Interview with former Horne smelter foreman Rodolphe Cloutier.
Date: August 2015
Credits: Corporation de la maison Dumulon.
Image credits: BAnQ Rouyn-Noranda, Joseph Hermann Bolduc funds, mine series. 08Y,P124,S32,P370-51-24.
Rodolphe Cloutier: “To heat ores, the smelter previously used coal and oil. They stopped doing that when gas arrived here in town. The smelter then started to be gas-fired. There were previously three flat furnaces that we called “reverbs” for “reverberatory furnaces”. It was linked to six boilers that created steam, as might be expected. All buildings were steam-heated. The reverberatory furnaces were crazy polluting. They stopped heating that way because it was very polluting. That’s when the infamous reactor came out. It was life changing for Noranda Mines. It helped cutting down pollution a lot because the gas would form inside and it would do the same as if it was burnt.
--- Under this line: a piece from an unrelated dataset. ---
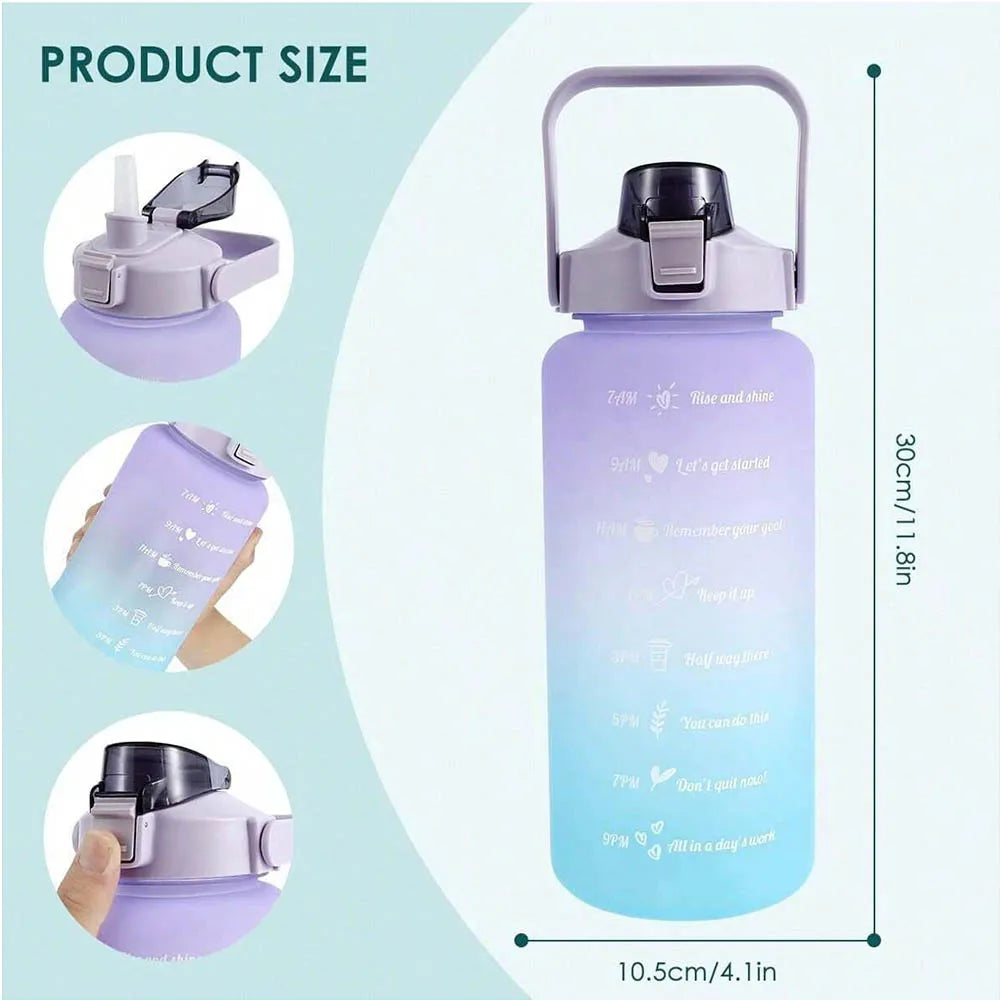 Botella de agua de 2L, botella de agua motivacional con marcador de tiempo y capacidad, taza de agua deportiva sin BPA, Fitness, gimnasio, ejercicio para correr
Well, I don’t know. But the pollution was really reduced. Stuff would come in on one side and then come out on the other side as melted ores. On one end of the furnace there was copper and on the other end there was slag. Since copper is heavier, it would sink to the bottom. Then, they would cast it. Everything was done manually. Copper anodes had to weigh less than 700 lbs because it was sent to Montreal East Refinery. Over there, it had to fit into a frame of two electric slabs used to cast the copper again.”